Tale ambigua situazione doveva essere gestita dall’abile ancorché ardua strategia del
«confronto» con il Partito comunista guidata da Moro e accompagnata con discrezione e non senza alcuni dubbi da Zaccagnini. La dialettica che si venne a creare fu tutto sommato
feconda. I governi di solidarietà nazionale con la delicata situazione parlamentare che
traeva il Pci fuori dall’opposizione, pur senza accettare la proposta berlingueriana del
compromesso storico, riuscirono ad affrontare alcuni aspetti dell’emergenza economica,
meno efficacemente quella terroristica, dando anche qualche spazio al completamento di
una prospettiva di riforme sociali come quella ereditata dalla stagione degli anni ’60 (si
pensi alla riforma sanitaria, alla politica della casa e ad altri capitoli).

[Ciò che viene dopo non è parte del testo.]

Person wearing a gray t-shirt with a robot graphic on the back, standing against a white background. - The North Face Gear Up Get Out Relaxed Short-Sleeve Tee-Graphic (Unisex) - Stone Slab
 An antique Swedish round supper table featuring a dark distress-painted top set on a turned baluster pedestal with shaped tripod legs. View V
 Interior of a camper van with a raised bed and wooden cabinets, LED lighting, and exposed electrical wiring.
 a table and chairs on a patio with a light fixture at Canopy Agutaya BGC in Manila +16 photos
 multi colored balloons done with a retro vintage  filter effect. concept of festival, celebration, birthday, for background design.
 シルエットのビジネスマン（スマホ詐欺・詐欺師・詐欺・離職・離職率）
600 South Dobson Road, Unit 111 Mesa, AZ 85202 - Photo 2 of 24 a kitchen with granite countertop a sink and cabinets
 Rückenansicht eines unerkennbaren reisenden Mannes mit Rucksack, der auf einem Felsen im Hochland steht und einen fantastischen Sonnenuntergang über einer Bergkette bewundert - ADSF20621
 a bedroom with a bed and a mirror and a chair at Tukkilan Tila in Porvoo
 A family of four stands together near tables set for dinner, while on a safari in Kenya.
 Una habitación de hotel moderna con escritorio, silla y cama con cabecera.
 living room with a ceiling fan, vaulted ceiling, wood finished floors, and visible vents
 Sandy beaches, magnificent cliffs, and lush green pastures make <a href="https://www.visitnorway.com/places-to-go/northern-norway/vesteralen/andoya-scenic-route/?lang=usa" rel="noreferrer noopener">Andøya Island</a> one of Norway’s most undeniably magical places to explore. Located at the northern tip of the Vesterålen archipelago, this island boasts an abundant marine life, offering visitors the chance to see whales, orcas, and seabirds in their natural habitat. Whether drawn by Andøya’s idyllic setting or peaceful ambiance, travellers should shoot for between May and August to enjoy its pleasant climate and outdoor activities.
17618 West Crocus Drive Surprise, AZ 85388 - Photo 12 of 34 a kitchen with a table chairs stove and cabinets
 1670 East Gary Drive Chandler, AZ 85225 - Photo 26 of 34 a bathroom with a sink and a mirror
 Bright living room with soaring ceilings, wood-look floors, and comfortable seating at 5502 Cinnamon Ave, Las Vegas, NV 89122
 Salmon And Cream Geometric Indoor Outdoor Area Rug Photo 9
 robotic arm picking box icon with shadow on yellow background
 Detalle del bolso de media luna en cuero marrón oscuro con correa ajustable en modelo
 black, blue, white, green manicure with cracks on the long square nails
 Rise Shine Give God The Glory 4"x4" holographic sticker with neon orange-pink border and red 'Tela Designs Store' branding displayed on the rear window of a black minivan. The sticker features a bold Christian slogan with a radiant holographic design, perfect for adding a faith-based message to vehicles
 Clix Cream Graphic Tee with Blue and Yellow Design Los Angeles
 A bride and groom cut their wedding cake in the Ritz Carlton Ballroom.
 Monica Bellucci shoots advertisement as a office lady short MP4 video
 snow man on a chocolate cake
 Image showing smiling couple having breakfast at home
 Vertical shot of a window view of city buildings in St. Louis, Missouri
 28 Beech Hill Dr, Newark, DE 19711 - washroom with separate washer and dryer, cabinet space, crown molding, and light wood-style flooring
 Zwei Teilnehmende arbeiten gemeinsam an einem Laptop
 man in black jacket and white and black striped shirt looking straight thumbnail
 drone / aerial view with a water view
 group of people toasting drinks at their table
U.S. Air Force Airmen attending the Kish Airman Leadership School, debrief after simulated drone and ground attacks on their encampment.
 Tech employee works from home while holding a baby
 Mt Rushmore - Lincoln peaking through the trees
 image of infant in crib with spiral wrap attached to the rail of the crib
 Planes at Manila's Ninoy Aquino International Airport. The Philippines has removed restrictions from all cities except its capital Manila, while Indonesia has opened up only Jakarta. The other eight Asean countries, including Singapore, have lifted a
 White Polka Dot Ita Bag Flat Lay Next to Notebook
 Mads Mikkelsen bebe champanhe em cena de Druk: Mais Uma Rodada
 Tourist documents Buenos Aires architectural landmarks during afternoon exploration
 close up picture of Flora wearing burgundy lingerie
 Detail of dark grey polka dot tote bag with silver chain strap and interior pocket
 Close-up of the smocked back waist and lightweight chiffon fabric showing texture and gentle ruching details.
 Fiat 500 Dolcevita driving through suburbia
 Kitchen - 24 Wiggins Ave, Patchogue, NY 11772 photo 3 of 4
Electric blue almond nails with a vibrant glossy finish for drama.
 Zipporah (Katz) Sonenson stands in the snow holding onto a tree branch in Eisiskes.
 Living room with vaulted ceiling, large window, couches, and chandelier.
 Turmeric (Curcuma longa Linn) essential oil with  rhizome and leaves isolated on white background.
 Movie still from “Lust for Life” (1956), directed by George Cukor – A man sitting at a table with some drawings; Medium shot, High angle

In questo periodo per tanti versi fervido, la tragedia improvvisa del rapimento di
Moro, sviluppata nel calvario dei cinquantacinque giorni, doveva colpire profondamente
Zaccagnini fino a non lasciarlo più tornare alla normalità della sua esperienza umana
epolitica. Colpito dall’impotenza crescente (e forse non del tutto incolpevole) in cui
sprofondavano gli apparati dello Stato, egli vide crescere la critica amara nei suoi confronti
da parte del prigioniero, nelle lettere fatte filtrare fuori dal carcere brigatista, con il
corrispettivo montare di una sfiducia della famiglia e degli ambienti vicini al suo amico e
maestro politico. Non che oggi – a distanza di quarant’anni – non sia possibile smontare
l’apparente centralità che allora sembrò assumere il lacerante scontro pubblico tra
fermezza e trattativa: Zaccagnini sapeva in cuor suo che non avrebbe probabilmente
potuto fare di più e di diverso, soprattutto perché gli stessi carcerieri non fecero mai
realmente niente per mostrarsi disponibili a venire incontro allo Stato. Come mostra
l’impotenza di tutti i tentativi – comprensibilmente riservati – che oggi sappiamo furono
comunque tentati, al di sotto della quasi necessaria copertura della retorica della fermezza,
voluta soprattutto inizialmente dal Pci ma a cui anche la Dc come partito difficilmente
avrebbe potuto sottrarsi, in quel clima di legittimazione difficoltosa della politica in un
paese agitato e confuso. Ma questa coscienza di ineluttabilità non gli risparmiò una serie
di angosciosi interrogativi, che non a caso egli riscriverà qualche anno dopo in quella lettera
alla moglie che configurava quasi un suo testamento spirituale.
Ritornato molto provato a gestire il partito, nonostante la volontà espressa di
lasciare il suo posto, ebbe un ruolo cruciale nell’elezione di Pertini alla presidenza della
Repubblica. Zaccagnini dovette subire la sconfitta finale della politica di solidarietà
nazionale, nei suoi interlocutori e nel suo stesso partito, con il congresso democristiano del febbraio 1980. La sua testimonianza sobria e incisiva di servizio al bene comune non
sarebbe venuta meno nei pochi anni che la vita ancora gli avrebbe riservato, all’ombra del
suo travaglio interiore, mentre rifiutava ancora una candidatura presidenziale nel 1985.
Girò molto l’Italia a offrire la sua testimonianza e a rilanciare un appassionato appello per
la costruzione politica della pace. Nella primavera del 1988, venne a Milano a un
partecipato raduno dei giovani di Azione cattolica e rilasciò un’intervista in cui disse: «Nei
limiti con cui la politica e ogni cosa umana può esprimersi è certo indispensabile portare
avanti il rinnovamento, che non è solo un fatto generazionale ma soprattutto di idealità, di
freschezza, di ideali politici. Non si può appiattire la politica perché allora ci si sporca
solo le mani. Si deve tenerla alta, e… dopo essersi sporcati le mani, cercare di lavarle». Mi
pare un’immagine sobria e fiera che ben rappresenta il suo lascito essenziale, che potrebbe
funzionare anche da controcanto critico ad alcuni limiti della politica contemporanea.